In this review we adhere to the methodological approach of the Cochrane guidelines and PRISMA checklist. It summarizes the role of endoscopic management of mesh erosions including the use of both laser and transurethral resection and gives an overview of the success rate and complications with this technique, although all papers included in our review were retrospective case series and hence prone to bias. Furthermore, there was a lot of heterogeneity in the reported studies making it challenging to do a formal meta-analysis. There are some limitations to our systematic review. Individual studies did not have a standardized management or follow-up, and this was left to the individual surgeon and centre based on their expertise and patient presentation. Given that data collection and reporting were not standardized either, it was difficult to compare or combine outcomes.

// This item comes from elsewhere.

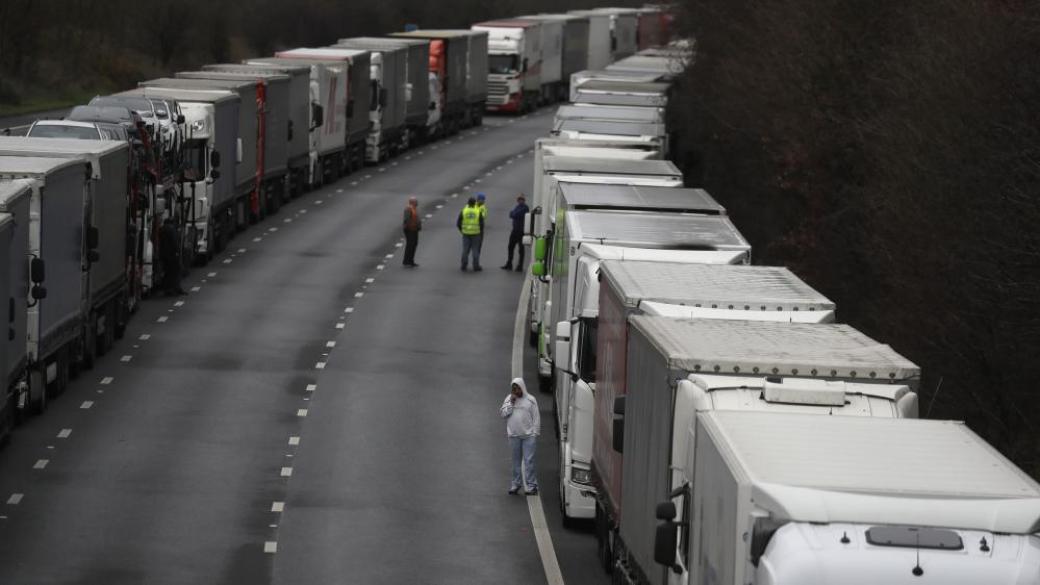 ЕС иска отпадане на забраната за пътуване към Англия на превозвачите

A recent study looked at the reporting outcome measures in trials on synthetic mesh procedures for POP and concluded that urgent action is needed to improve the quality of research in this field [32]. Of the 71 randomized trials, 24 different types of mesh were identified. These trials reported on 110 different outcomes and 60 outcome measures. Clinically important measures such as erosion, pain and dyspareunia were reported in 40, 29 and 25 trials respectively. They recommend developing and implementing a minimum standardized data set, which forms the core outcomes of this procedure. Another systematic review on the type of synthetic material used found that polyester sling material caused the highest rates of vaginal erosion [33]. The US Food and Drug Administration (FDA) has ordered all manufacturers of surgical mesh intended for transvaginal repair of prolapse (cystocoele) to stop selling and distributing the product [34]. Given the scale of mesh erosions and the public outcry associated with it, perhaps a national registry of all sling or mesh procedures should be the way ahead, where every case is registered and the core outcome measures including the type of material used, surgical technique, complications and follow-up are mandatory. This should be protocol based and have outcome measures which are standardized and hence comparable.

Conclusions

Endoscopic management of FB erosion is an effective minimally invasive technique with good outcomes and minimal morbidity, which uro-gynaecologists or endourologists might be able to offer as a treatment option. Management with the use of holmium laser is gaining momentum and could be attempted before open surgical removal. There is a need for comparative data between open surgical excision and endoscopic excision to help better describe the patient’s most likely to benefit from the endoscopic technique.